• _WHAT TO DO_
Beginning with the line that contains "Fashion Handmade Braid", reproduce every line through the end of the records below exactly, and leave the pictures out.

(Short descriptive text snippets)
════════════════

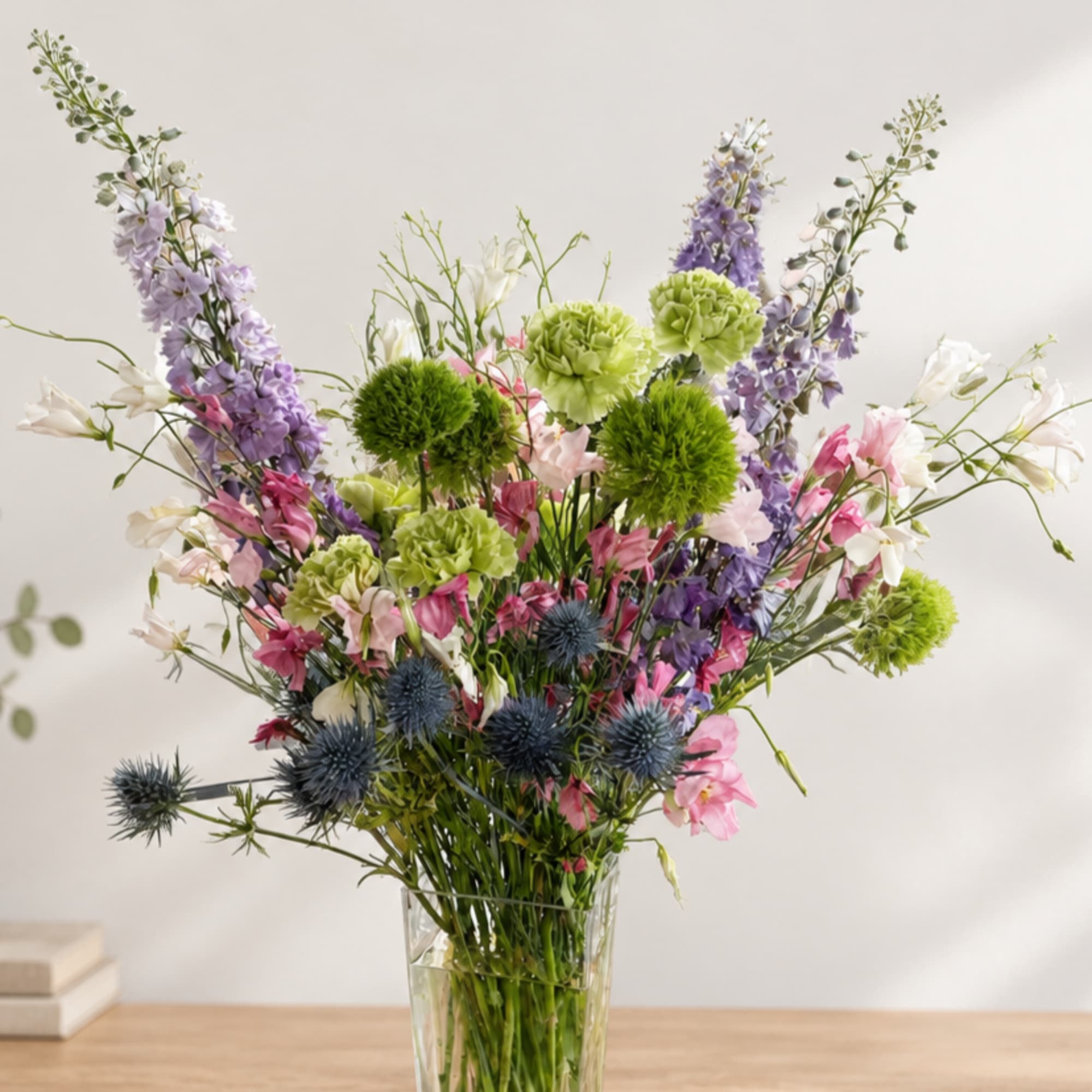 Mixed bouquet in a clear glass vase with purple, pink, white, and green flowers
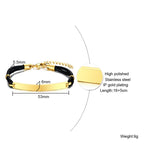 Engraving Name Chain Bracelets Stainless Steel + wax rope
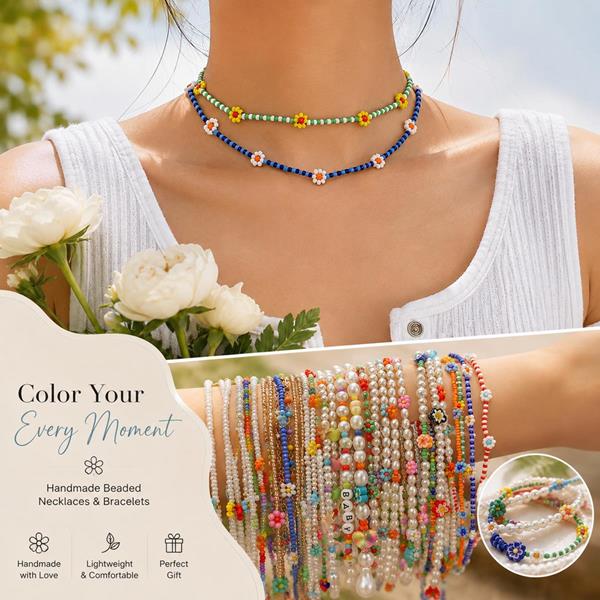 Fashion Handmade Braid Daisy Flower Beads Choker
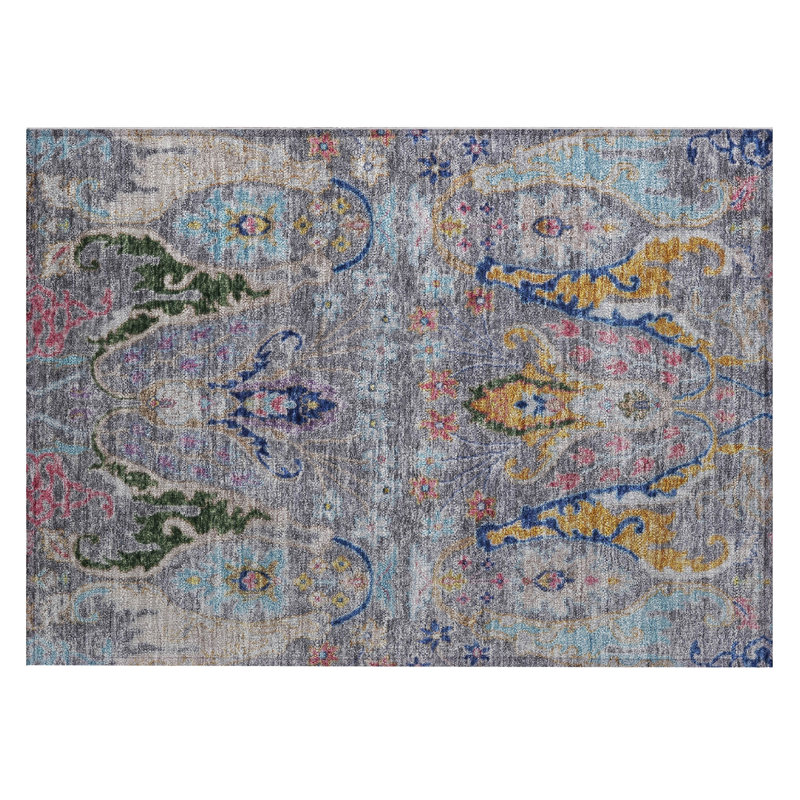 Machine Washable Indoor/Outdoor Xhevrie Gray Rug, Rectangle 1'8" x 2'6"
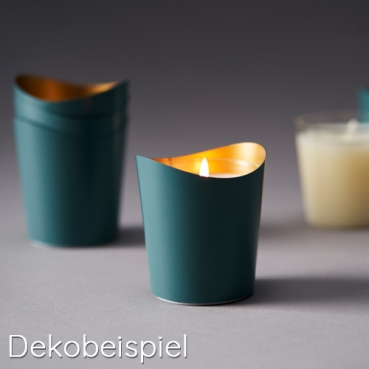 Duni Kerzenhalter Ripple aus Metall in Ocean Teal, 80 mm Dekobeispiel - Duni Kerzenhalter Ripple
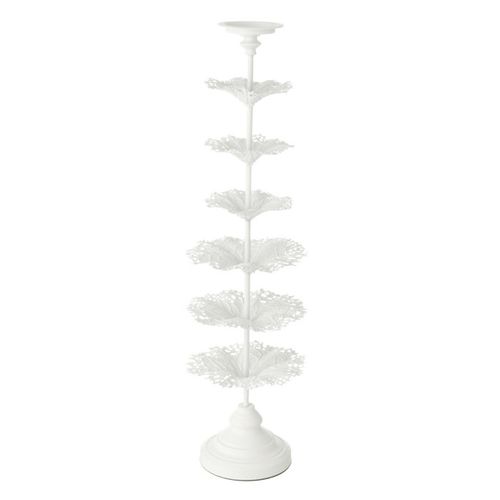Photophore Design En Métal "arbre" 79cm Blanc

════════════════

• _ANSWER FOR THIS EXERCISE_
 Fashion Handmade Braid Daisy Flower Beads Choker
 Machine Washable Indoor/Outdoor Xhevrie Gray Rug, Rectangle 1'8" x 2'6"
 Duni Kerzenhalter Ripple aus Metall in Ocean Teal, 80 mm Dekobeispiel - Duni Kerzenhalter Ripple
Photophore Design En Métal "arbre" 79cm Blanc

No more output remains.